**What needs to be done**
Once the line with "Toyota Highlander 2016" is found in the entries below, repeat it and each following line exactly, up to and including the line with "Mettre en place". Add no other lines.

**Materials provided**

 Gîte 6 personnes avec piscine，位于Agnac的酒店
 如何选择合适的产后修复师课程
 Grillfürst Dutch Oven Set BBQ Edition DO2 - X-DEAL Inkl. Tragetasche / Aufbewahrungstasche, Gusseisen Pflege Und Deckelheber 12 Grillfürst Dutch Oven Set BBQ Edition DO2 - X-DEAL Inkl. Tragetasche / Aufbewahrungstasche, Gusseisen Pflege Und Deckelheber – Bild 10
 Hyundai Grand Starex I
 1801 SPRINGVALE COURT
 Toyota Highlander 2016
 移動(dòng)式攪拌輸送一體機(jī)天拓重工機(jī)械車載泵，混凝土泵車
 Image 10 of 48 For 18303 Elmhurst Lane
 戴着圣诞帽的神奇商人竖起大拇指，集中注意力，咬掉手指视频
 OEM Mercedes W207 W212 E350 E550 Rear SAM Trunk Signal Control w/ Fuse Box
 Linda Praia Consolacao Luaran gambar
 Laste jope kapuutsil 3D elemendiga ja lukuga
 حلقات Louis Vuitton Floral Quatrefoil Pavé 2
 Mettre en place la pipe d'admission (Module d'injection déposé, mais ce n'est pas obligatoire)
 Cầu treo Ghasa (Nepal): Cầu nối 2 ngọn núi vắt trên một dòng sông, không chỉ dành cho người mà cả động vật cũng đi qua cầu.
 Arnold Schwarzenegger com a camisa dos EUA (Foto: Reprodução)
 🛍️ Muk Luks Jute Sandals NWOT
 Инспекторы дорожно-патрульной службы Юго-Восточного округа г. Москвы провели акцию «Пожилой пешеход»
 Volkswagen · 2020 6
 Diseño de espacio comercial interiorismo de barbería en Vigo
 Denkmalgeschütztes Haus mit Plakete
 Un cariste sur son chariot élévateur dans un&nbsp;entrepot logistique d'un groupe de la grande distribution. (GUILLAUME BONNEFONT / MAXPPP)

**Answer space**
 Toyota Highlander 2016
 移動(dòng)式攪拌輸送一體機(jī)天拓重工機(jī)械車載泵，混凝土泵車
 Image 10 of 48 For 18303 Elmhurst Lane
 戴着圣诞帽的神奇商人竖起大拇指，集中注意力，咬掉手指视频
 OEM Mercedes W207 W212 E350 E550 Rear SAM Trunk Signal Control w/ Fuse Box
 Linda Praia Consolacao Luaran gambar
 Laste jope kapuutsil 3D elemendiga ja lukuga
 حلقات Louis Vuitton Floral Quatrefoil Pavé 2
 Mettre en place la pipe d'admission (Module d'injection déposé, mais ce n'est pas obligatoire)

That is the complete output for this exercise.